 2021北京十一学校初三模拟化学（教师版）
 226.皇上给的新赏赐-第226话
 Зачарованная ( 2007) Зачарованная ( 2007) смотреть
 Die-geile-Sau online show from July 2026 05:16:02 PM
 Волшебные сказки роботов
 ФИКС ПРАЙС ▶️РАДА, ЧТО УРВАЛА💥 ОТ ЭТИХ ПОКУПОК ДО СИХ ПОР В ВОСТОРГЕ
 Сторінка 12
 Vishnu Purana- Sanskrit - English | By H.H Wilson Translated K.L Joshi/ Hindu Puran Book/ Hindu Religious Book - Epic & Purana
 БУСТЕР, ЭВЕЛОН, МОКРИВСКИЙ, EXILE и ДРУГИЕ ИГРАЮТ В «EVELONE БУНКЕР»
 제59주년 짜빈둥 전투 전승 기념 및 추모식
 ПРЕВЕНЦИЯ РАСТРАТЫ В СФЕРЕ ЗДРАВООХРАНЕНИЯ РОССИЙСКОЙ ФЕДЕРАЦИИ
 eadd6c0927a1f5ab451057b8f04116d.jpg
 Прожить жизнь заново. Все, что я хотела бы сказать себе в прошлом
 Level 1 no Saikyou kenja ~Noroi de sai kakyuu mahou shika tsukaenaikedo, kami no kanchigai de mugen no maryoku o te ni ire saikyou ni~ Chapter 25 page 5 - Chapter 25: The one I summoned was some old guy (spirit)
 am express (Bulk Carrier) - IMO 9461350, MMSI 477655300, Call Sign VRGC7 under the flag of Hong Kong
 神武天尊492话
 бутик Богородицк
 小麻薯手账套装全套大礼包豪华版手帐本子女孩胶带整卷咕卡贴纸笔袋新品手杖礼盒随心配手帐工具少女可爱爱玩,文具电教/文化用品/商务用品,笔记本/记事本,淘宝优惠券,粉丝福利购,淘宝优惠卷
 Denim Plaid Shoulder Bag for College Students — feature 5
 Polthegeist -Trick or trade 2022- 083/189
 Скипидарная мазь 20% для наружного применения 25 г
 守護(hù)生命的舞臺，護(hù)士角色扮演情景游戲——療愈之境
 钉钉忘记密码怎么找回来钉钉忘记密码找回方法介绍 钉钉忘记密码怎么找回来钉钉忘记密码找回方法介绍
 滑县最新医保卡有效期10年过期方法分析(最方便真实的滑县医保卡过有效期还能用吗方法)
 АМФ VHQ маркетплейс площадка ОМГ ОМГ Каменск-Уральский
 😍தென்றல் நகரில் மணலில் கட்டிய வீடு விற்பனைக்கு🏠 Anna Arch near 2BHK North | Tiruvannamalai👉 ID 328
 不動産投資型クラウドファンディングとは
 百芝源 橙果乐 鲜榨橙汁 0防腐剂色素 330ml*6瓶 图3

◆ ◆ ◆

Exercise -
Every line of the material is to be set down again verbatim.

Output below -
 2021北京十一学校初三模拟化学（教师版）
 226.皇上给的新赏赐-第226话
 Зачарованная ( 2007) Зачарованная ( 2007) смотреть
 Die-geile-Sau online show from July 2026 05:16:02 PM
 Волшебные сказки роботов
 ФИКС ПРАЙС ▶️РАДА, ЧТО УРВАЛА💥 ОТ ЭТИХ ПОКУПОК ДО СИХ ПОР В ВОСТОРГЕ
 Сторінка 12
 Vishnu Purana- Sanskrit - English | By H.H Wilson Translated K.L Joshi/ Hindu Puran Book/ Hindu Religious Book - Epic & Purana
 БУСТЕР, ЭВЕЛОН, МОКРИВСКИЙ, EXILE и ДРУГИЕ ИГРАЮТ В «EVELONE БУНКЕР»
 제59주년 짜빈둥 전투 전승 기념 및 추모식
 ПРЕВЕНЦИЯ РАСТРАТЫ В СФЕРЕ ЗДРАВООХРАНЕНИЯ РОССИЙСКОЙ ФЕДЕРАЦИИ
 eadd6c0927a1f5ab451057b8f04116d.jpg
 Прожить жизнь заново. Все, что я хотела бы сказать себе в прошлом
 Level 1 no Saikyou kenja ~Noroi de sai kakyuu mahou shika tsukaenaikedo, kami no kanchigai de mugen no maryoku o te ni ire saikyou ni~ Chapter 25 page 5 - Chapter 25: The one I summoned was some old guy (spirit)
 am express (Bulk Carrier) - IMO 9461350, MMSI 477655300, Call Sign VRGC7 under the flag of Hong Kong
 神武天尊492话
 бутик Богородицк
 小麻薯手账套装全套大礼包豪华版手帐本子女孩胶带整卷咕卡贴纸笔袋新品手杖礼盒随心配手帐工具少女可爱爱玩,文具电教/文化用品/商务用品,笔记本/记事本,淘宝优惠券,粉丝福利购,淘宝优惠卷
 Denim Plaid Shoulder Bag for College Students — feature 5
 Polthegeist -Trick or trade 2022- 083/189
 Скипидарная мазь 20% для наружного применения 25 г
 守護(hù)生命的舞臺，護(hù)士角色扮演情景游戲——療愈之境
 钉钉忘记密码怎么找回来钉钉忘记密码找回方法介绍 钉钉忘记密码怎么找回来钉钉忘记密码找回方法介绍
 滑县最新医保卡有效期10年过期方法分析(最方便真实的滑县医保卡过有效期还能用吗方法)
 АМФ VHQ маркетплейс площадка ОМГ ОМГ Каменск-Уральский
 😍தென்றல் நகரில் மணலில் கட்டிய வீடு விற்பனைக்கு🏠 Anna Arch near 2BHK North | Tiruvannamalai👉 ID 328
 不動産投資型クラウドファンディングとは
 百芝源 橙果乐 鲜榨橙汁 0防腐剂色素 330ml*6瓶 图3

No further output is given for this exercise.